◆ What you are asked to do: Starting at the line that contains "Viseća svjetiljka Lunar", please transcribe every line through the end of the entries, exactly and with no pictures.

Stored records:
--------

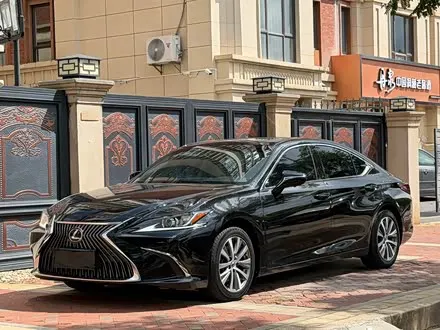 LEXUS ES — из Китая под ключ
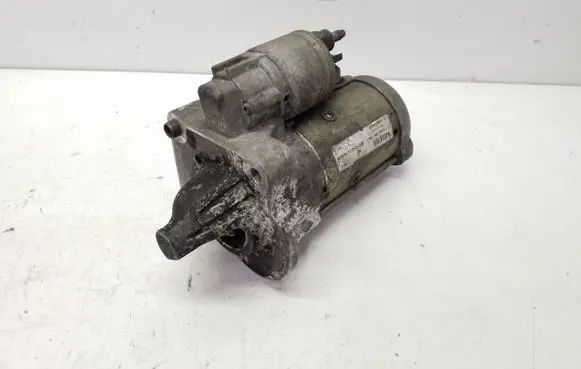 Ford Focus Starter motor AV6N11000GB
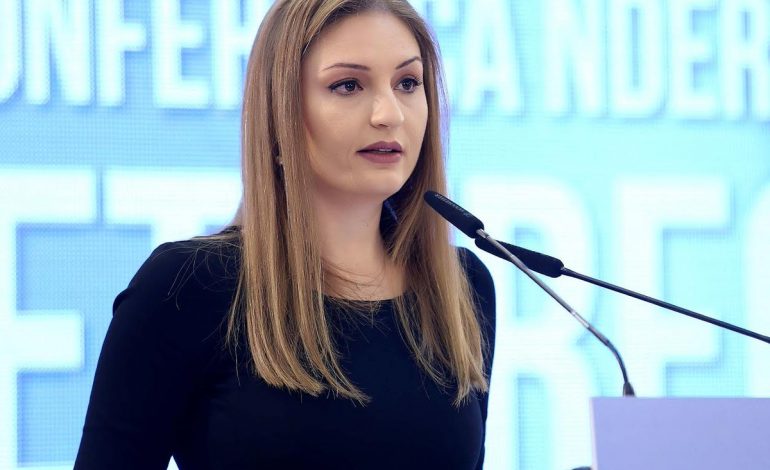 Pse erdhi Hahn në Tiranë? Gjosha: O vendi do ndahet nga krimi, ose KE…
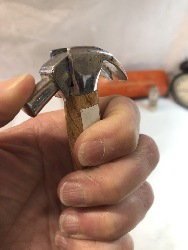 568732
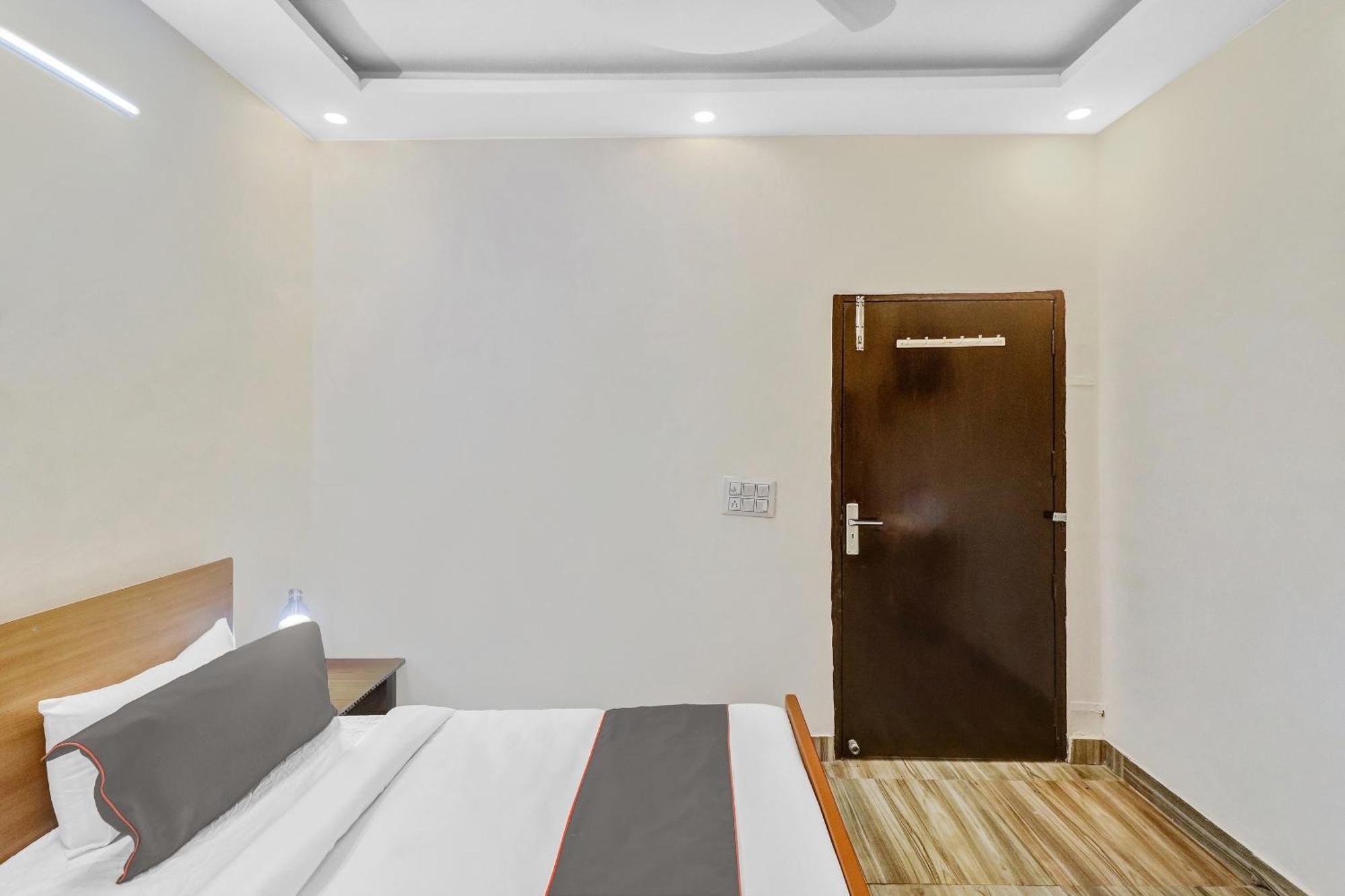 Super Capital O Moody Inn Delhi Zewnętrze zdjęcie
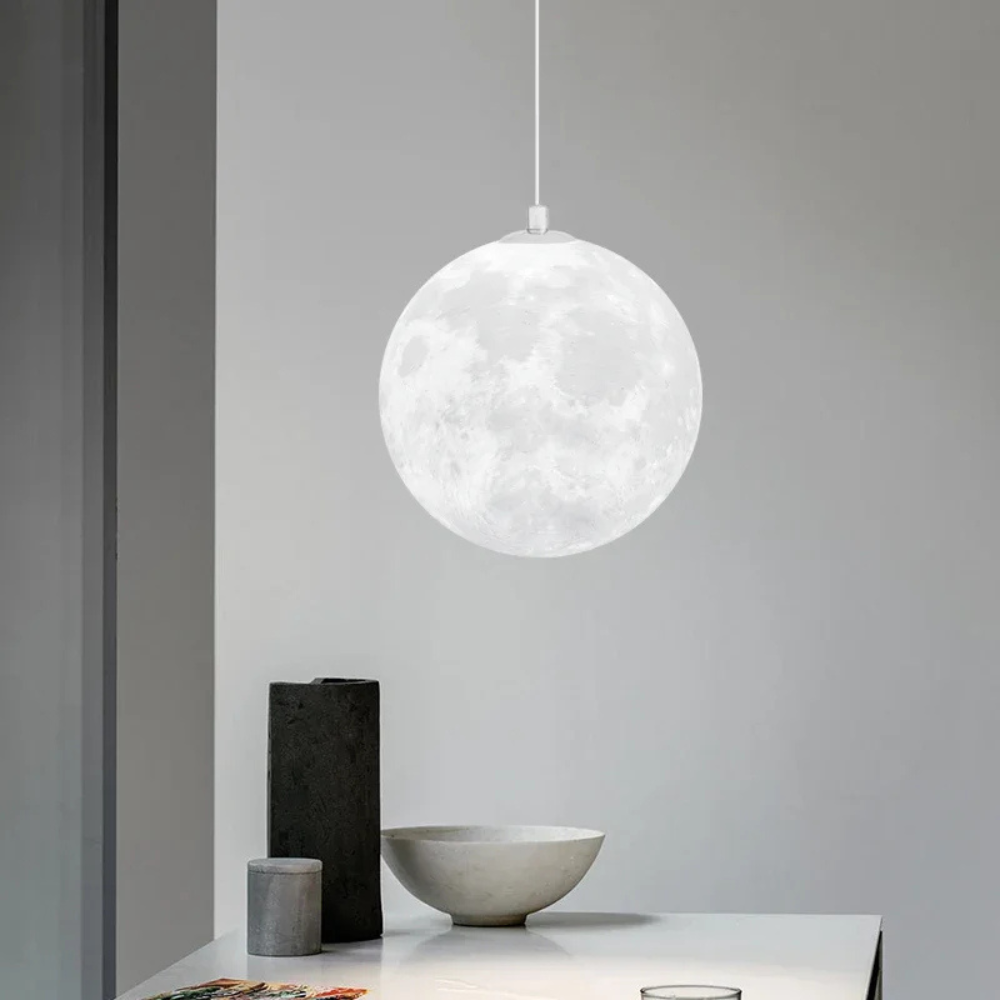 Viseća svjetiljka Lunar Glow – bezvremenska elegancija i toplina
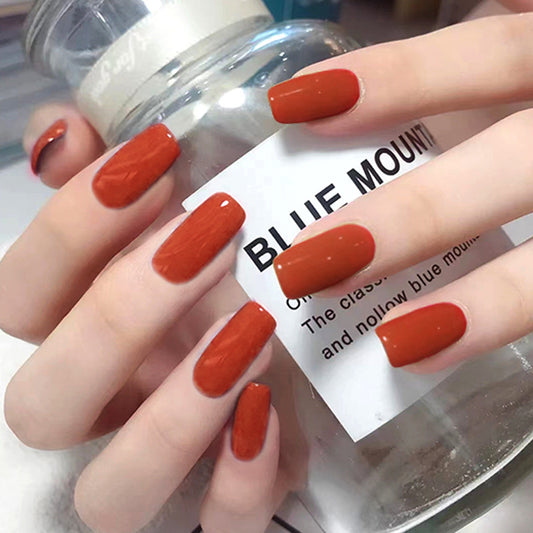 faux-ongle-rouge-orange-ongle-ete-belle-manucure-idee-meilleur-couleur-ongle-a-coller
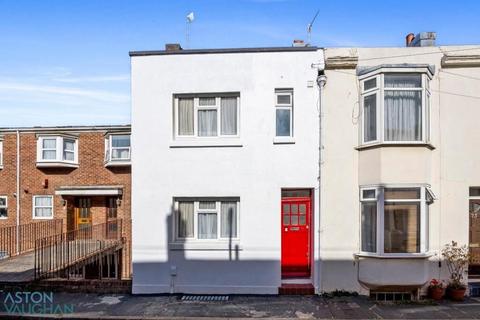 undefined, Brighton, East Sussex BN1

--------

◆ Response below:
 Viseća svjetiljka Lunar Glow – bezvremenska elegancija i toplina
 faux-ongle-rouge-orange-ongle-ete-belle-manucure-idee-meilleur-couleur-ongle-a-coller
 undefined, Brighton, East Sussex BN1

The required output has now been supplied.